----- Dataset content -----

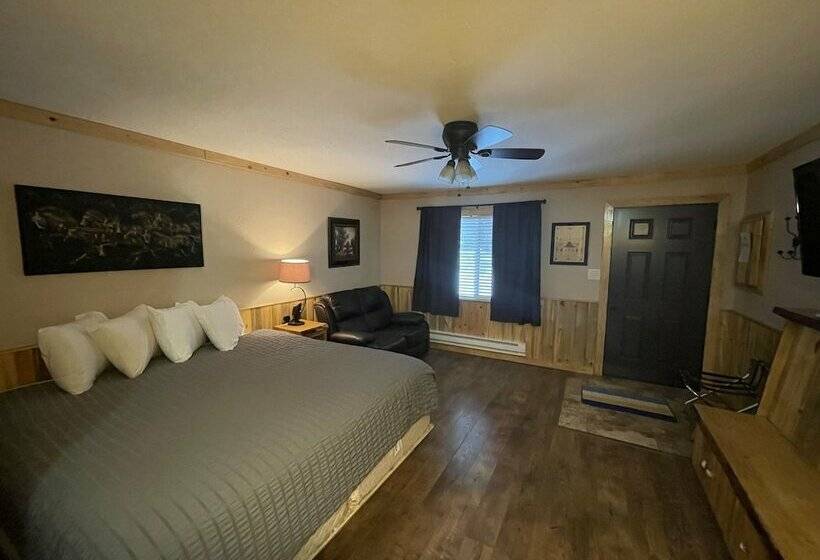 غرفة قياسية بالطابق الأرضى, Wolf Creek Ranch Ski Lodge
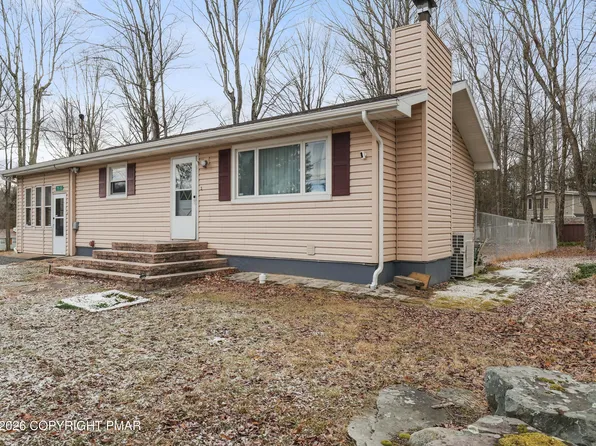 7537 Lake Shore Dr, Pocono Lake, PA 18347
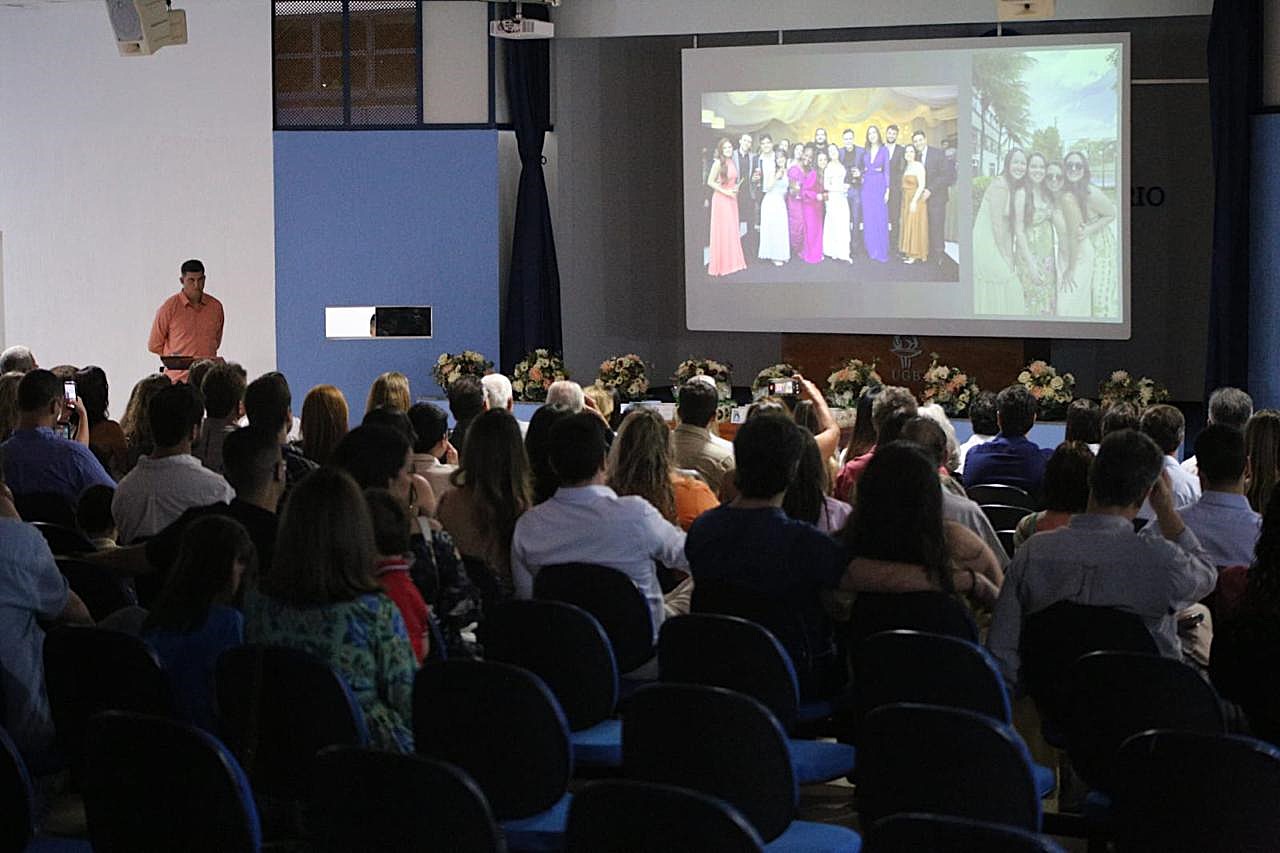 52.cf.res.cidades.hospital munir rafful forma novos.1.formatura.adrianacÓpiopmvr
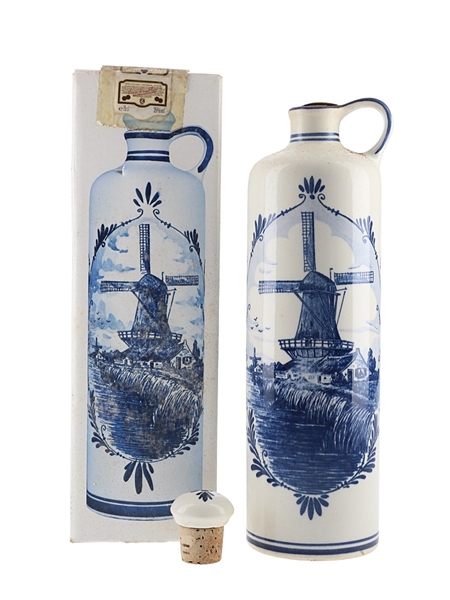 Jonge Bols Graanjenever (Young Grain Jenever) Delft Blauw Ceramic Bottle 70cl / 35%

-----

The copy must begin with the line containing "7537 Lake Shore Dr, Pocono Lake, PA 18347", end with the last line of the material, match each line exactly, and hold no pictures.

 7537 Lake Shore Dr, Pocono Lake, PA 18347
 52.cf.res.cidades.hospital munir rafful forma novos.1.formatura.adrianacÓpiopmvr
 Jonge Bols Graanjenever (Young Grain Jenever) Delft Blauw Ceramic Bottle 70cl / 35%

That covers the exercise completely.